» **Data records**
○ ○ ○ ○

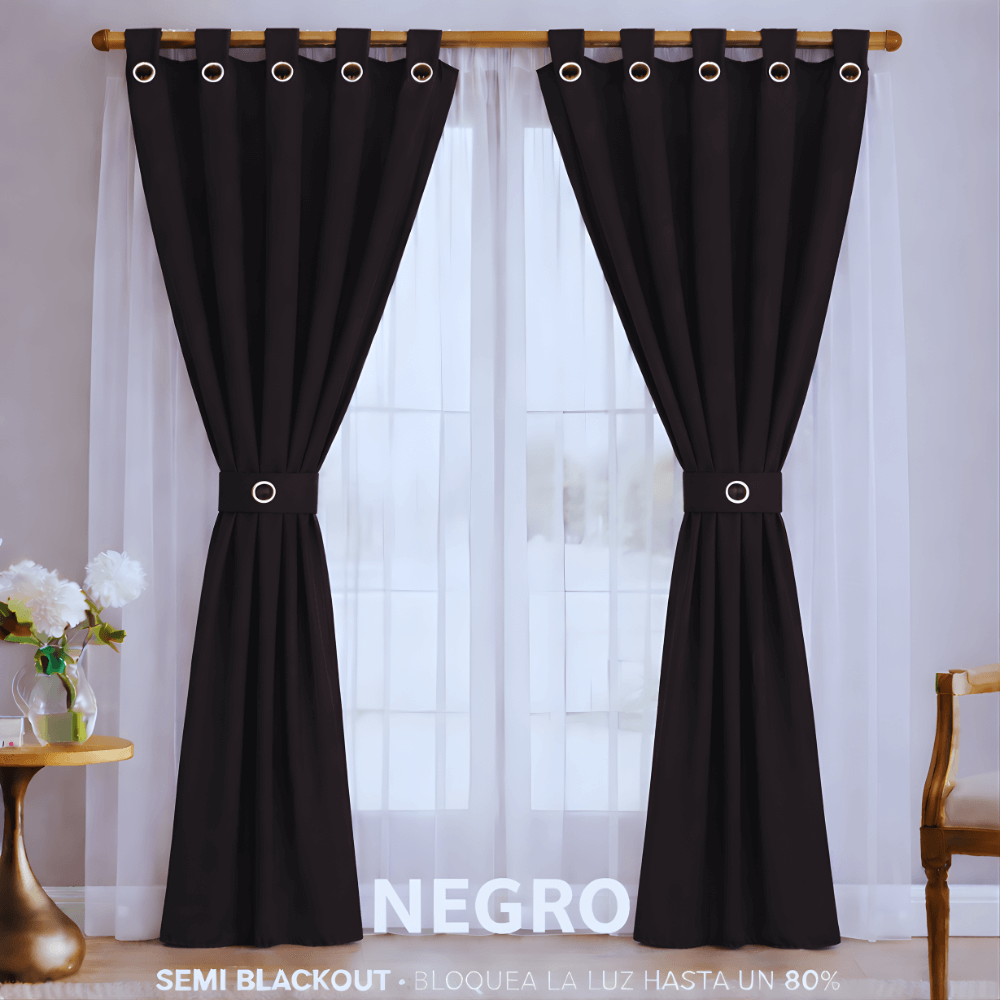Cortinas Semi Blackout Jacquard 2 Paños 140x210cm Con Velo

○ ○ ○ ○

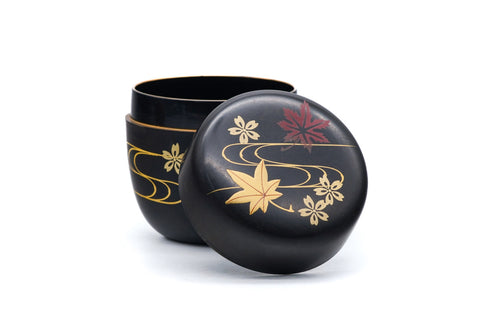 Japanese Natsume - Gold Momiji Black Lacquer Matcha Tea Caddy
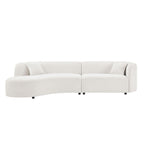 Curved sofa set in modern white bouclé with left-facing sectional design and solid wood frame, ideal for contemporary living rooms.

○ ○ ○ ○

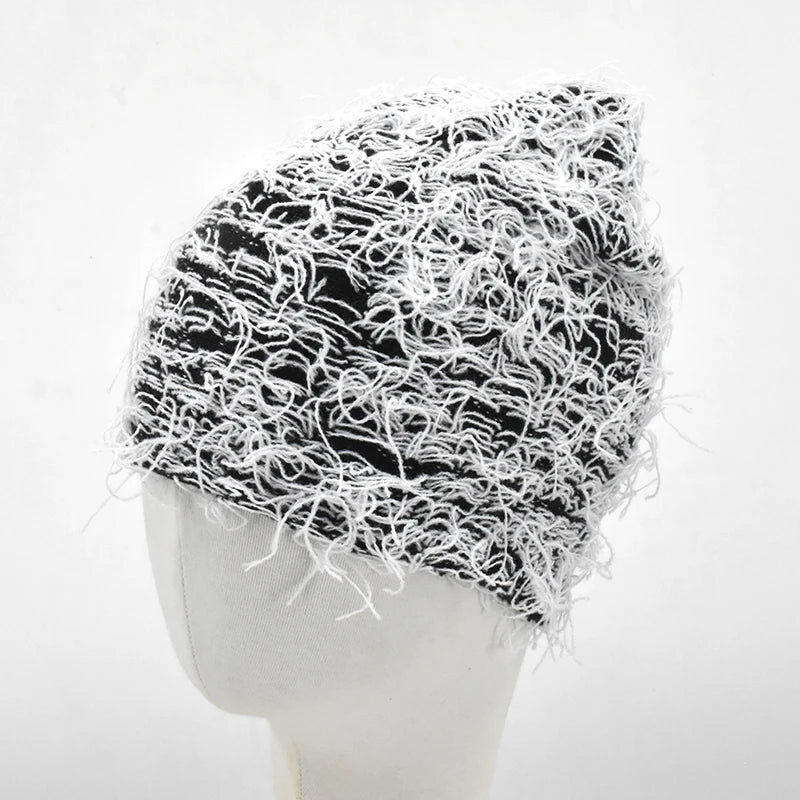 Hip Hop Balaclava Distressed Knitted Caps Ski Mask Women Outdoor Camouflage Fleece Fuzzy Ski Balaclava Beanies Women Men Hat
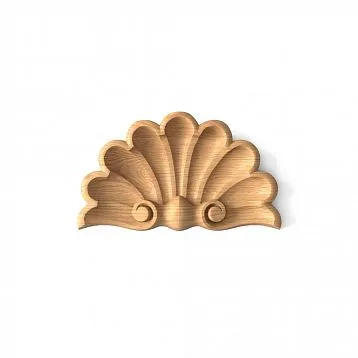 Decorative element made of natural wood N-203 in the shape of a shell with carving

○ ○ ○ ○

» **What is being asked**
From the data above, return exactly the lines from the one with "Hip Hop Balaclava" up to and including the one with "Decorative element made". Pictures do not go in the copy.

» **Task response**
 Hip Hop Balaclava Distressed Knitted Caps Ski Mask Women Outdoor Camouflage Fleece Fuzzy Ski Balaclava Beanies Women Men Hat
 Decorative element made of natural wood N-203 in the shape of a shell with carving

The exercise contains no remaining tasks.